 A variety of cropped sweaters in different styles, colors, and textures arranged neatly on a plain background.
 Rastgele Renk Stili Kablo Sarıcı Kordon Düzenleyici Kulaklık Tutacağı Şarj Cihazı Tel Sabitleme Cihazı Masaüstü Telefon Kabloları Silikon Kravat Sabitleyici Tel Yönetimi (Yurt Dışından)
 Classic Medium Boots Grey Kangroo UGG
==
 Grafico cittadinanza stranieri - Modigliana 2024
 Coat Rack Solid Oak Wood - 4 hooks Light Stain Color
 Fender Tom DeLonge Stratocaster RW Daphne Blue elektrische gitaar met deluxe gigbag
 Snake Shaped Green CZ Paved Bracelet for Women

**REQUIRED ACTION:** Above are the entries. Quote exactly the lines from the one bearing "A variety of" through the one bearing "Classic Medium Boots Grey Kangroo UGG".

**ANSWER TO THE EXERCISE:**
 A variety of cropped sweaters in different styles, colors, and textures arranged neatly on a plain background.
 Rastgele Renk Stili Kablo Sarıcı Kordon Düzenleyici Kulaklık Tutacağı Şarj Cihazı Tel Sabitleme Cihazı Masaüstü Telefon Kabloları Silikon Kravat Sabitleyici Tel Yönetimi (Yurt Dışından)
 Classic Medium Boots Grey Kangroo UGG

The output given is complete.